Source data START

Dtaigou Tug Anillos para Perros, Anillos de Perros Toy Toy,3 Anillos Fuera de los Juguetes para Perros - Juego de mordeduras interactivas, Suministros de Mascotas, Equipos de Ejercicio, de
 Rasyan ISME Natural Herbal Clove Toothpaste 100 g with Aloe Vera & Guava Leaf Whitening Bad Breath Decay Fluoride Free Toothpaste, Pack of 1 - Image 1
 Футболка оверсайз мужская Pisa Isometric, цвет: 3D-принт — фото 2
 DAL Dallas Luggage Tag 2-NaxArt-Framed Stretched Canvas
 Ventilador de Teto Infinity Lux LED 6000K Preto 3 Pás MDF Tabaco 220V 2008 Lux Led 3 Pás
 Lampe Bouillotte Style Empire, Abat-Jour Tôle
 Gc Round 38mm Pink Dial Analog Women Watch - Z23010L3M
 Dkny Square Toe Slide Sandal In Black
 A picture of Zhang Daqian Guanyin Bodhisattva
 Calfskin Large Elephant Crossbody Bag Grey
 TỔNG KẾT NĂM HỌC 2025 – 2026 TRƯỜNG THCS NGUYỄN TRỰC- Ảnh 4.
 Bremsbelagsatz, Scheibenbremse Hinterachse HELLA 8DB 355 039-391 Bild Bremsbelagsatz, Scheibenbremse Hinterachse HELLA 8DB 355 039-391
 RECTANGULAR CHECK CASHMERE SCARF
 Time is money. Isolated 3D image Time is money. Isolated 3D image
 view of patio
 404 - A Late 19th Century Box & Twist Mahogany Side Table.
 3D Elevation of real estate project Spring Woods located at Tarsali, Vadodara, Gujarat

Source data END

Start at the first line of the material and write everything out exactly.

[Solution to the exercise]
Dtaigou Tug Anillos para Perros, Anillos de Perros Toy Toy,3 Anillos Fuera de los Juguetes para Perros - Juego de mordeduras interactivas, Suministros de Mascotas, Equipos de Ejercicio, de
 Rasyan ISME Natural Herbal Clove Toothpaste 100 g with Aloe Vera & Guava Leaf Whitening Bad Breath Decay Fluoride Free Toothpaste, Pack of 1 - Image 1
 Футболка оверсайз мужская Pisa Isometric, цвет: 3D-принт — фото 2
 DAL Dallas Luggage Tag 2-NaxArt-Framed Stretched Canvas
 Ventilador de Teto Infinity Lux LED 6000K Preto 3 Pás MDF Tabaco 220V 2008 Lux Led 3 Pás
 Lampe Bouillotte Style Empire, Abat-Jour Tôle
 Gc Round 38mm Pink Dial Analog Women Watch - Z23010L3M
 Dkny Square Toe Slide Sandal In Black
 A picture of Zhang Daqian Guanyin Bodhisattva
 Calfskin Large Elephant Crossbody Bag Grey
 TỔNG KẾT NĂM HỌC 2025 – 2026 TRƯỜNG THCS NGUYỄN TRỰC- Ảnh 4.
 Bremsbelagsatz, Scheibenbremse Hinterachse HELLA 8DB 355 039-391 Bild Bremsbelagsatz, Scheibenbremse Hinterachse HELLA 8DB 355 039-391
 RECTANGULAR CHECK CASHMERE SCARF
 Time is money. Isolated 3D image Time is money. Isolated 3D image
 view of patio
 404 - A Late 19th Century Box & Twist Mahogany Side Table.
 3D Elevation of real estate project Spring Woods located at Tarsali, Vadodara, Gujarat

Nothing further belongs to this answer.